Task details -> No line before the one holding "Layered Round Cake" is to be copied; that line and all after it, through the end of the listing, are returned exactly, minus pictures.

Source material ->

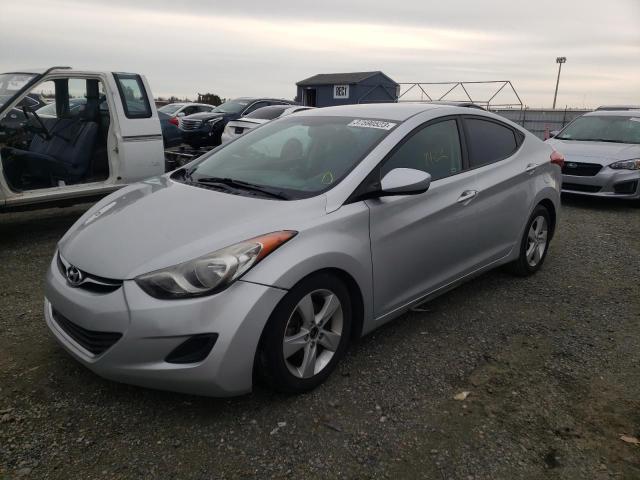 HYUNDAI ELANTRA GL 2013 5npdh4ae5dh285704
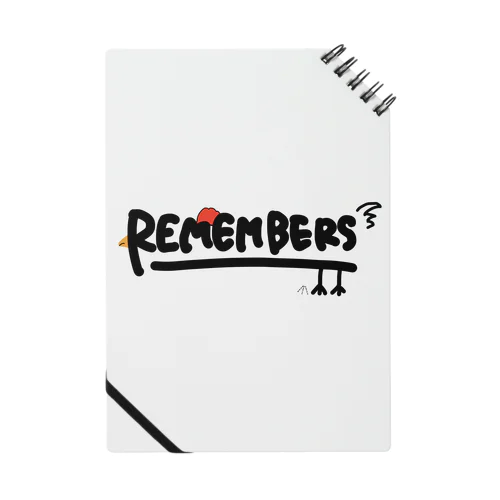 REMEMBERS ニワ卜リ Notebook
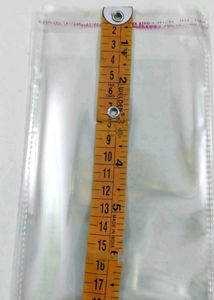 20pic Transparent attached packaging branded
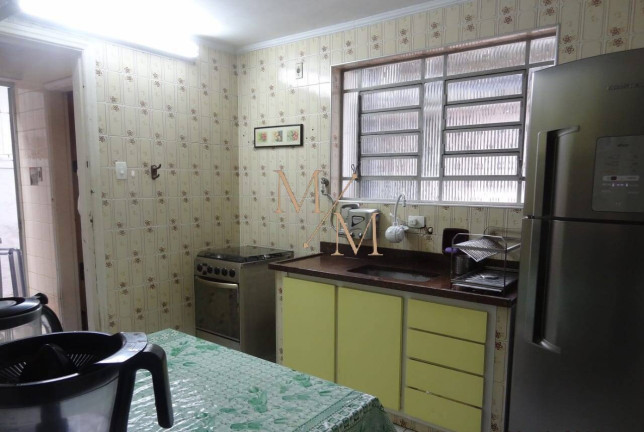 Imagem Casa com 4 Quartos à Venda, 196 m² em Embaré - Santos Imagem Casa com 4 Quartos à Venda, 196 m² em Embaré - Santos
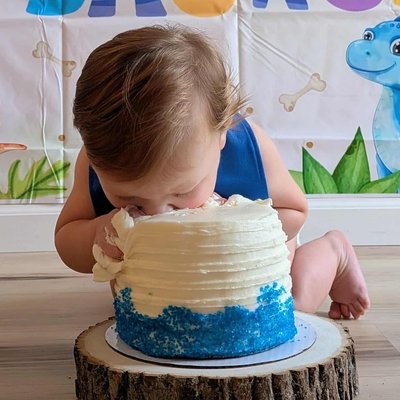 All Occasions  6 Inch Layered Round Cake 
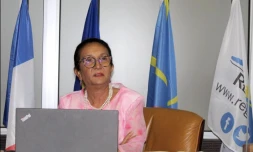 Huguette Bello conférence ministérielle
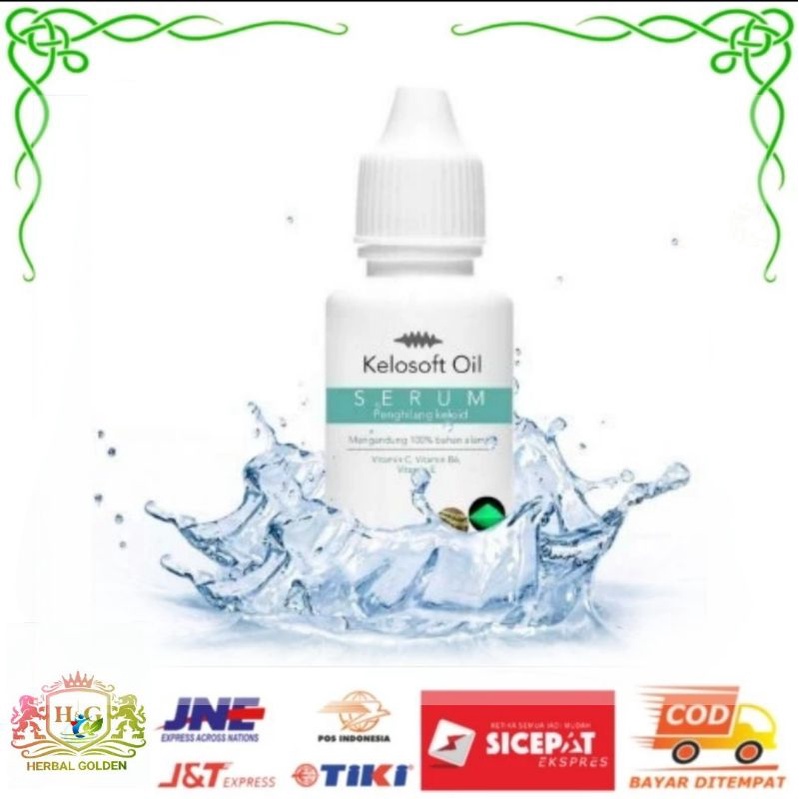 KELOSOFT OIL ORIGINAL SERUM PENGHILANG KELOID BEKAS LUKA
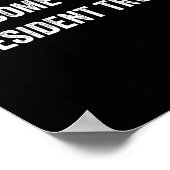 Welkom, Byck... President Trump Verkiezingen 2024 Poster (Hoek)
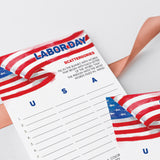 Labor Day Game for Family Scattergories Printable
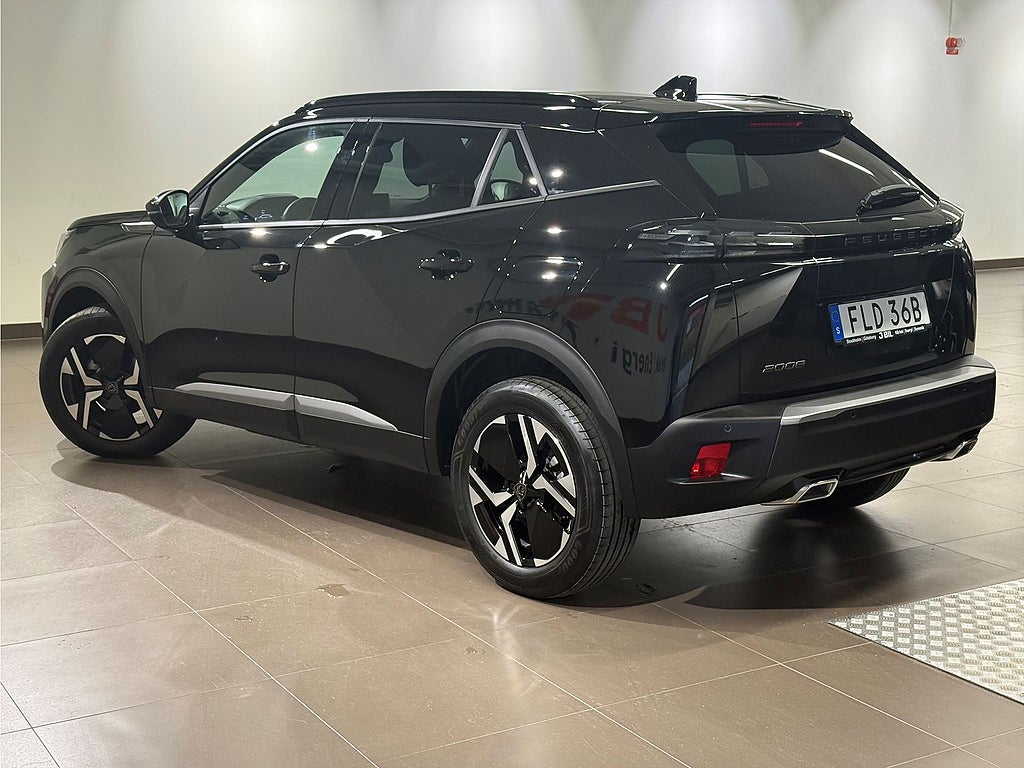 Bild på Peugeot 2008 Allure 1.2 PT 130hk - B-KAMERA, CARPLAY, FARTHÅLLARE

Output below ->
 All Occasions  6 Inch Layered Round Cake 
 Huguette Bello conférence ministérielle
 KELOSOFT OIL ORIGINAL SERUM PENGHILANG KELOID BEKAS LUKA
 Welkom, Byck... President Trump Verkiezingen 2024 Poster (Hoek)
 Labor Day Game for Family Scattergories Printable
 Bild på Peugeot 2008 Allure 1.2 PT 130hk - B-KAMERA, CARPLAY, FARTHÅLLARE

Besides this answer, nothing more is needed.